*** Opening of DATA TO USE ***
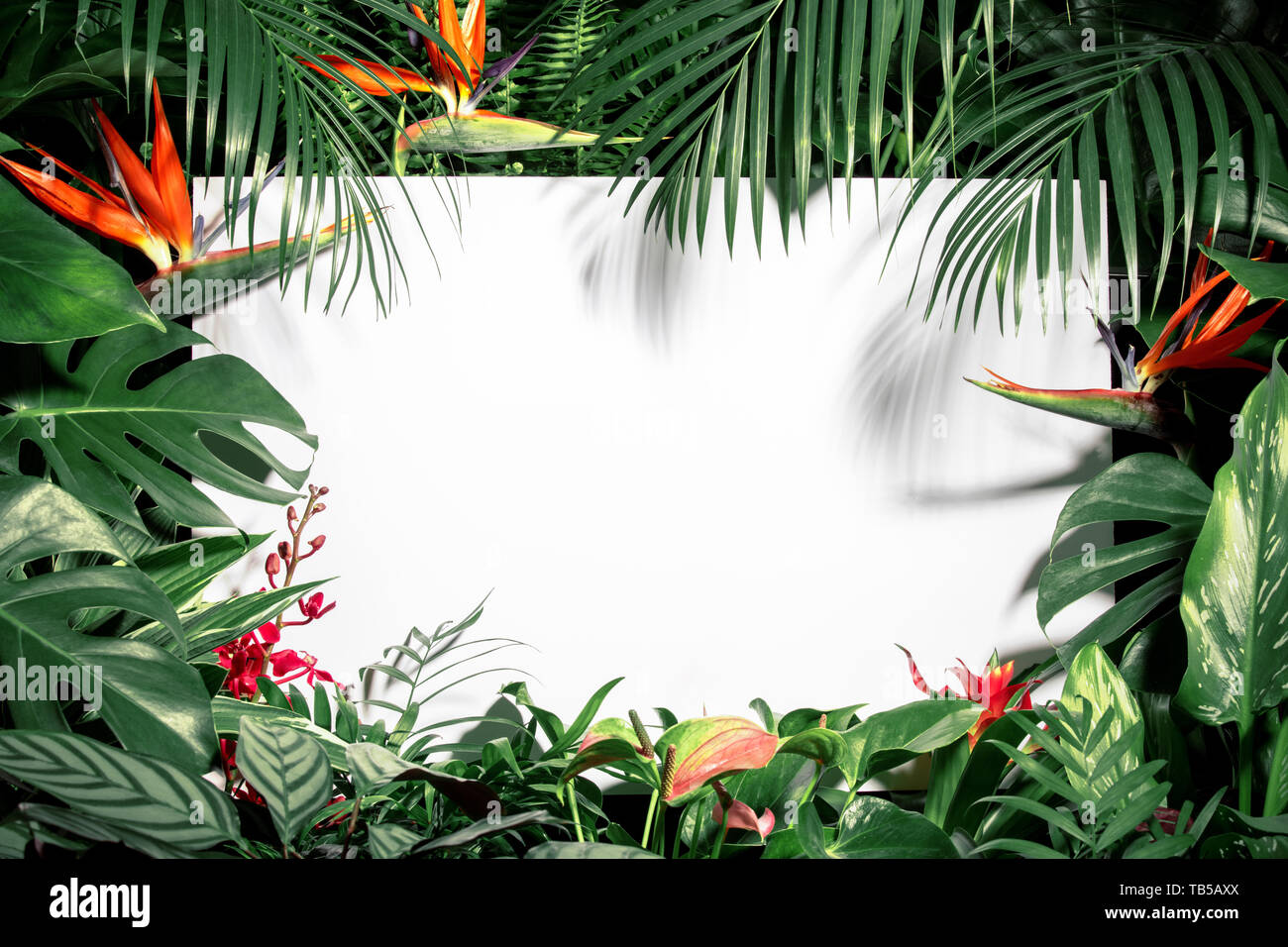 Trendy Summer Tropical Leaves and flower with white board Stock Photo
*** Close of DATA TO USE ***
*** Opening of DATA TO USE ***
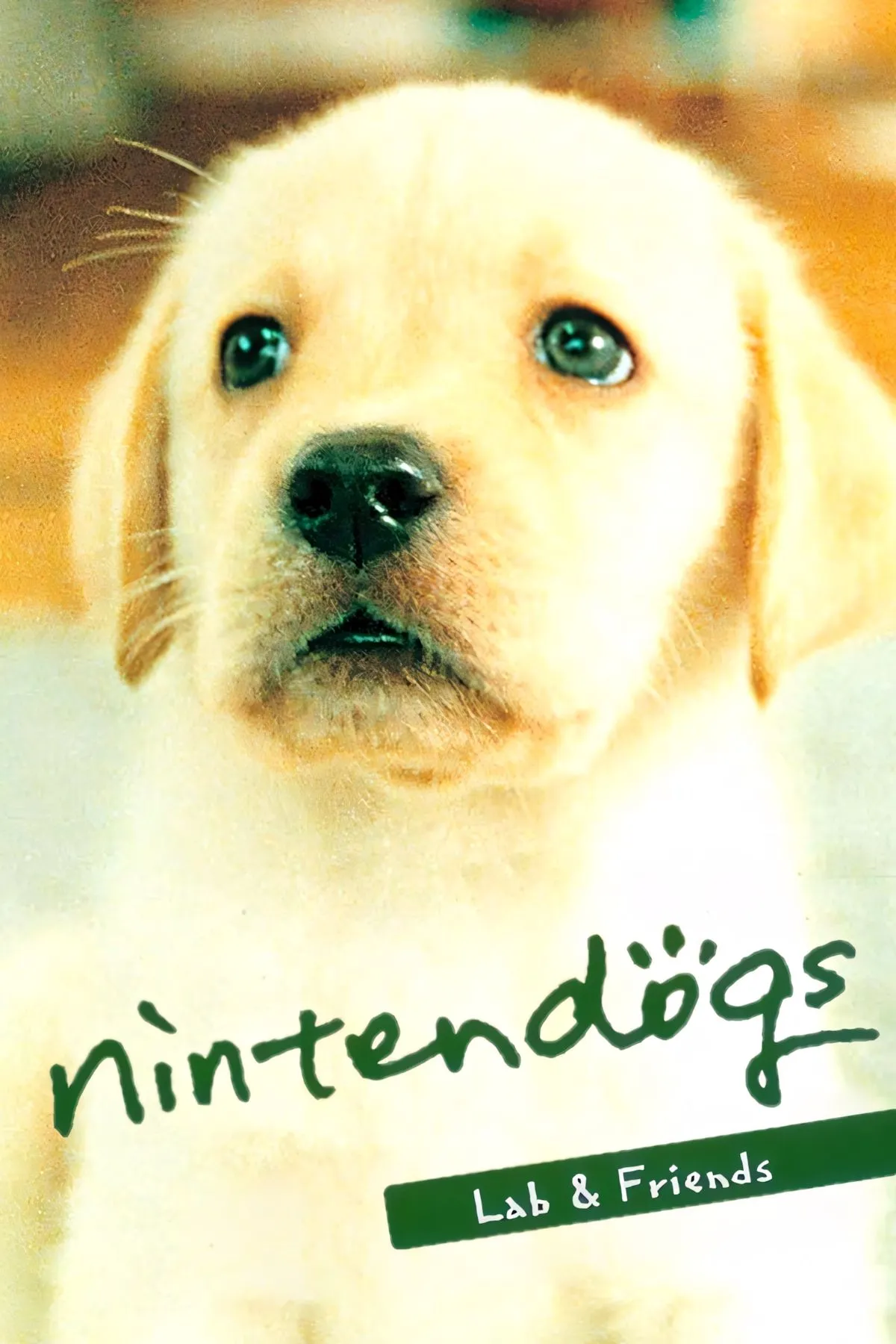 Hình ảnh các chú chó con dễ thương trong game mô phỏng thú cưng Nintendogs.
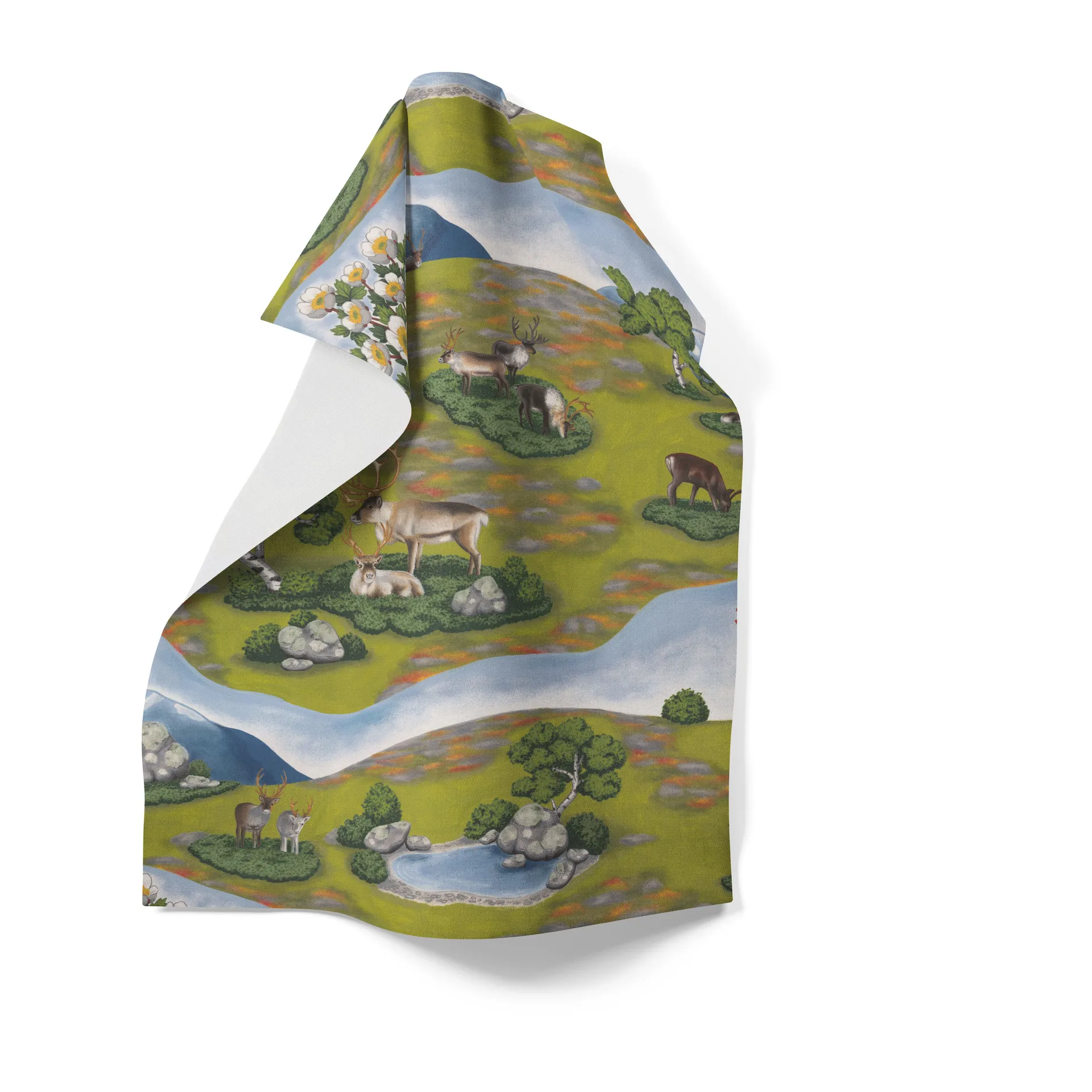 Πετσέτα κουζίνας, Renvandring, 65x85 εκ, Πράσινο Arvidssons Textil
*** Close of DATA TO USE ***
* TASK TO CARRY OUT *
Within the listing above, find the line containing "Hình ảnh các" and the line containing "Πετσέτα κουζίνας, Renvandring, 65x85". Transcribe them and everything between them exactly, leaving out the pictures.

* OUTPUT FOR THIS EXERCISE *
 Hình ảnh các chú chó con dễ thương trong game mô phỏng thú cưng Nintendogs.
 Πετσέτα κουζίνας, Renvandring, 65x85 εκ, Πράσινο Arvidssons Textil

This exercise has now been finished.